20 anos de SUS em debate
Promovido pela Escola Nacional de Saúde Pública Sergio Arouca (Ensp/Fiocruz), o Seminário Internacional Políticas de Saúde e Proteção Social tratou no primeiro dia de debate (11/3) das políticas sociais e de saúde no Brasil nos 20 anos depois da Constituição de 1988. Participaram da mesa três especialistas da área: a presidente do Centro Brasileiro de Estudos em Saúde (Cebes), Sônia Fleury, que abordou a Reforma Sanitária brasileira; Jairnilson Paim, do Instituto de Saúde Coletiva da Universidade Federal da Bahia, que fez um balanço dos 20 anos do SUS; e o pesquisador Nilson do Rosário Costa, do Departamento de Ciências Sociais da Ensp, que tratou das regras institucionais e da inovação do sistema de proteção brasileiro.

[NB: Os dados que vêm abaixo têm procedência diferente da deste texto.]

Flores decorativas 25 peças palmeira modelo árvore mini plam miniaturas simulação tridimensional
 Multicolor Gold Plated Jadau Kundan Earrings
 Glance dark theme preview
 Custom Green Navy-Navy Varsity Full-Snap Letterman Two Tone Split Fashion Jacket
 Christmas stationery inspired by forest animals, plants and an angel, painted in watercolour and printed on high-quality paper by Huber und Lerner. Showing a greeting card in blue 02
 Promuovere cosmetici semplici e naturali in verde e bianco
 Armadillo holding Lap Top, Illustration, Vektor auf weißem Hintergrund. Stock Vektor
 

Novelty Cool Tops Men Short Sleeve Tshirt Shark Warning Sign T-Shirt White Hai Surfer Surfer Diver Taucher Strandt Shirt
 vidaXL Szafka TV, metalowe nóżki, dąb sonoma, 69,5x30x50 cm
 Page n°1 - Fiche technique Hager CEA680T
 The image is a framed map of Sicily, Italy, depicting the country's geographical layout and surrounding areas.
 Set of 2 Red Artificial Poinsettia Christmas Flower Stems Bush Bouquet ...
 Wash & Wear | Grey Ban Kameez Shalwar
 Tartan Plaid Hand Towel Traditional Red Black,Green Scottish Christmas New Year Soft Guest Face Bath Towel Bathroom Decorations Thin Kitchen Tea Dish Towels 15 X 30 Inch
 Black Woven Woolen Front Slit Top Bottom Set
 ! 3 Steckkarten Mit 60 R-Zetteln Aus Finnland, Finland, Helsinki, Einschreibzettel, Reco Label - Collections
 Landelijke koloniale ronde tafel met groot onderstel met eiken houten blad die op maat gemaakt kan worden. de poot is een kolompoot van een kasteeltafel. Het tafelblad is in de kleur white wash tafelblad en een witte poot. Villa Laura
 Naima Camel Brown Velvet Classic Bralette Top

Para Sônia Fleury, a Reforma Sanitária nunca foi um projeto acadêmico, e sim um projeto de transformação social. Ela contou como se deu a trajetória da Reforma e como foi construído esse sujeito político:”Esse sujeito se situava politicamente na esquerda na luta contra o regime, e essa luta não foi travada apenas externamente ao Estado, mas também dentro dele”. O Estado, explicou, deixa de ser visto apenas como inimigo e é tomado como um campo de batalha. “O Estado sempre foi extremamente importante na construção da sociabilidade do Brasil. Então, como fazer o movimento de estar neste Estado da ditadura que nos reprimia e, ao mesmo tempo, operá-lo para inserir progressivamente os interesses que estavam sendo reprimidos?”, questinou para quem esse foi o um grande dilema. “Mas seguimos em frente e ocupamos espaço”, comentou.
Sônia lembrou que, ao propor um sistema igualitário e solidário, o projeto da Reforma ia na contramão não apenas da ditadura, mas também da sociedade brasileira. “Não era uma luta conjuntural contra a ditadura, mas uma luta pela transformação radical da sociedade brasileira”, analisou. “Não tínhamos sequer a classe trabalhadora ao nosso lado. Não sei se conseguiremos ainda, mas a luta está em curso”, garantiu.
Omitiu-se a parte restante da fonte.